Emperyalizmin özü yayılmacılıktır. Emperyalizm, tarihte ortaya çıkmış çok eski bir olgudur. Bu yanıyla, tarihsel süreç içerisinde, her bir toplumsal formasyonda farklı niteliğe bürünmüştür. Roma, Osmanlı, SSCB, (Rus sosyal emperyalizmi) İngiltere, ABD gibi devlet ve imparatorluklar; farklı toplumsal formasyonlarda sömürgeciliğin önemli örneklerini sunarlar. Sömürgeciliğin özünde yayılmacılık olduğunu ifade etmiştik. Sömürgeci güç, sömürge politikasını çeşitli biçimlerde gerçekleştirebilir. Bu yanıyla sömürgeciliğin gerçekleşme biçimleri oldukça farklıdır.
Ekonomik, siyasal, askeri ve kültürel biçimlerin bazen hepsi aynı anda gözlemlenebilirken; bazen tek bir biçim üzerinden de gerçekleşebilir. Sömürgecilik ve sömürü kavramları, çoğu zaman yanlış anlaşılır. Sömürü, kapitalist sınıfın kendi halkına uyguladığı sömürü durumudur. Sömürgecilik ise egemen yabancı bir devletin, başka halklar üzerinde tahakküm ve sömürü durumunu gerçekleştirme halidir. Bu yanıyla sömürgecilik, sömürüyü kapsar ama tersi olanaklı değildir. Köleci emperyalizm, askeri-feodal emperyalizm, serbest piyasa kapitalizmi dönemi emperyalizmi, tekelci kapitalizm dönemindeki emperyalizm ve sosyal emperyalizm; tarihsel süreç içerinde görülen emperyalizm biçimleridir. Özünde yayılmacılık olsa bile, bir toplumsal formasyondaki sömürgecilik ile diğer toplumsal formasyondaki sömürgecilik arasında önemli farklılıklar vardır. Bu toplumsal formasyonlar arasındaki radikal farklılıkları göz ardı etmek, siyasal olarak hatalı çıkarımlar yapmaya sebebiyet verir.
Tarihsel süreç boyunca sömürgecilik politikaları incelendiğinde, şöyle bir olguyla karşılaşırız: Sömürgeciler, çeşitli dolayımlarla siyasetlerini rasyonelleştirirler.
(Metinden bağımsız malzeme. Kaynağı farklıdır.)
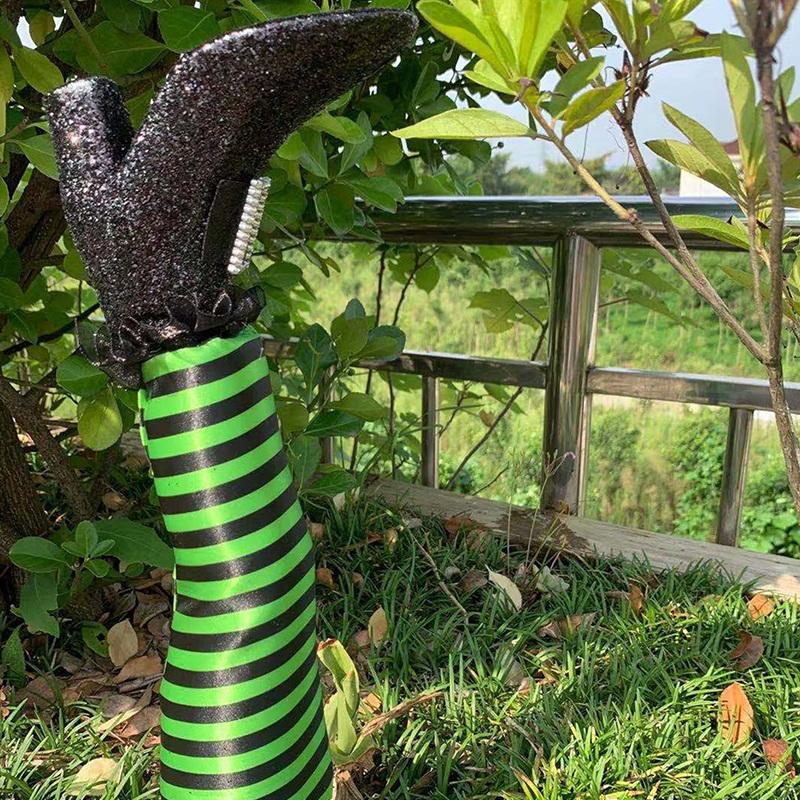 1 Pair Halloween Decoration Evil Witch Leg Decoration Inverted Evil Witch Feet Boots Stakes Courtyard Lawn Outdoor Garden Props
Osmanlı İmparatorluğu sömürgeciliği, cihat ve fetih ideolojisine dayalıydı. Bu bağlamda İslam’ı yayma argümanı, sömürgeciliği rasyonelleştirme noktasında bir dolayım olarak kullanılmıştır. Günümüzde sömürgecilik siyaseti, başka halklara “medeniyet, demokrasi ve insan hakları” götürme dolayımı üzerinden rasyonelleştirilir.
Bu noktada sömürgeciliğin kendisini gizleme ve rasyonelleştirme argümanları, süreç içerisinde değişiklik gösterse bile, sömürgeci siyaset özünde devam ettirilir. Sömürgeci güç, egemenlik kurduğu yaşam alanlarına kendi siyasetini taşır. Toplumsal sistem içerisinde insanların tek bir var oluş biçimi ya da kimliği yoktur. Bu yanıyla sistemin tahakküm ve sömürü ilişkisi çok yönlüdür. Ezilen ulusa mensup bir birey sosyal ve kamusal yaşama katılırken, milli kimliğiyle sürece dahil olmak ister. Egemen ulus kimliği üzerinden yükselen sömürgeci yapı, bu durumun gerçekleşmesini zor aygıtlarıyla engeller.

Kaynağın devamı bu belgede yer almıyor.